### Problem requirements
Return the data below exactly, please, but drop the pictures.

### Provided data
* * * * * * *

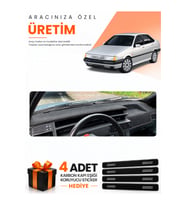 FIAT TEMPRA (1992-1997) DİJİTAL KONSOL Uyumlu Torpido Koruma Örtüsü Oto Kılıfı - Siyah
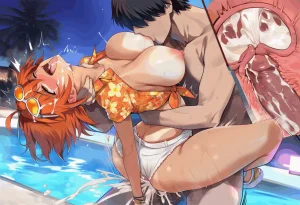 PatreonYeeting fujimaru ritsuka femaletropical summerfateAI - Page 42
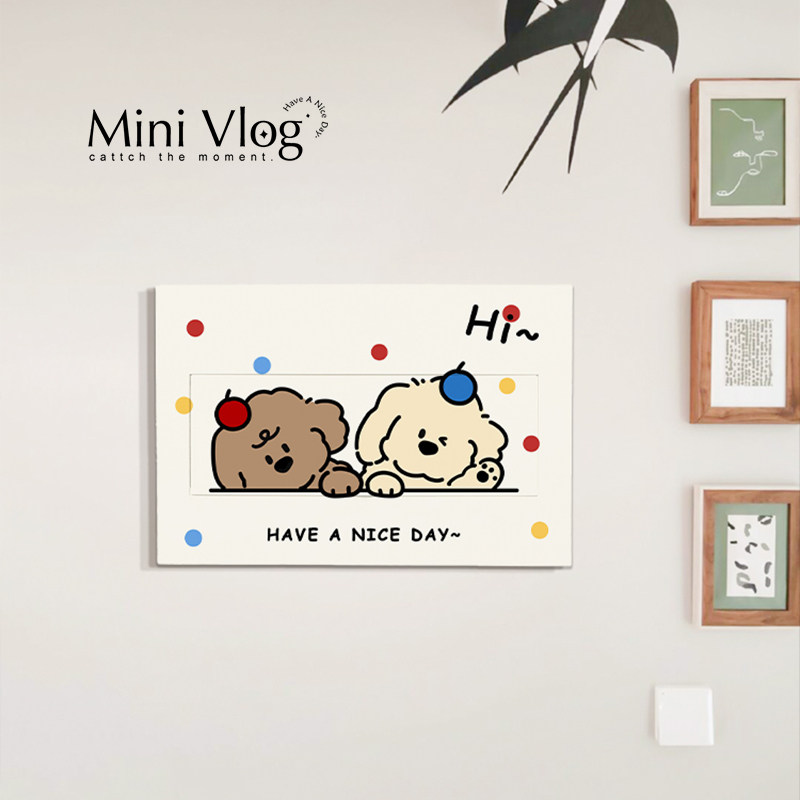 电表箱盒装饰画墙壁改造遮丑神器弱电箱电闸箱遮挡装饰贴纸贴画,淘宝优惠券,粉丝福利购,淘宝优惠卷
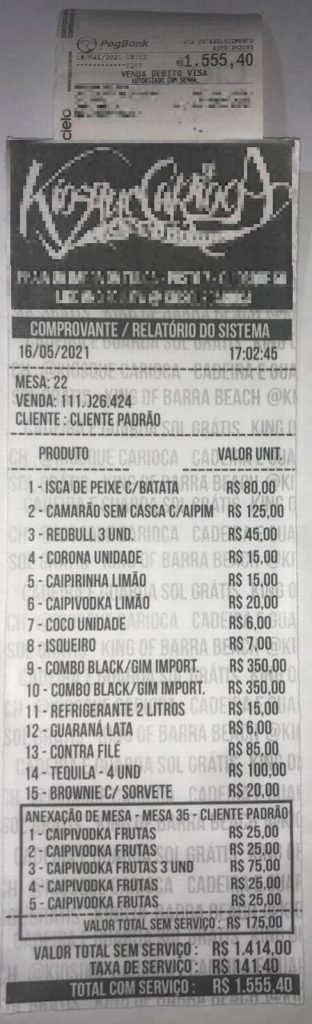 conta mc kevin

* * * * * * *

### Solution
 FIAT TEMPRA (1992-1997) DİJİTAL KONSOL Uyumlu Torpido Koruma Örtüsü Oto Kılıfı - Siyah
 PatreonYeeting fujimaru ritsuka femaletropical summerfateAI - Page 42
 电表箱盒装饰画墙壁改造遮丑神器弱电箱电闸箱遮挡装饰贴纸贴画,淘宝优惠券,粉丝福利购,淘宝优惠卷
 conta mc kevin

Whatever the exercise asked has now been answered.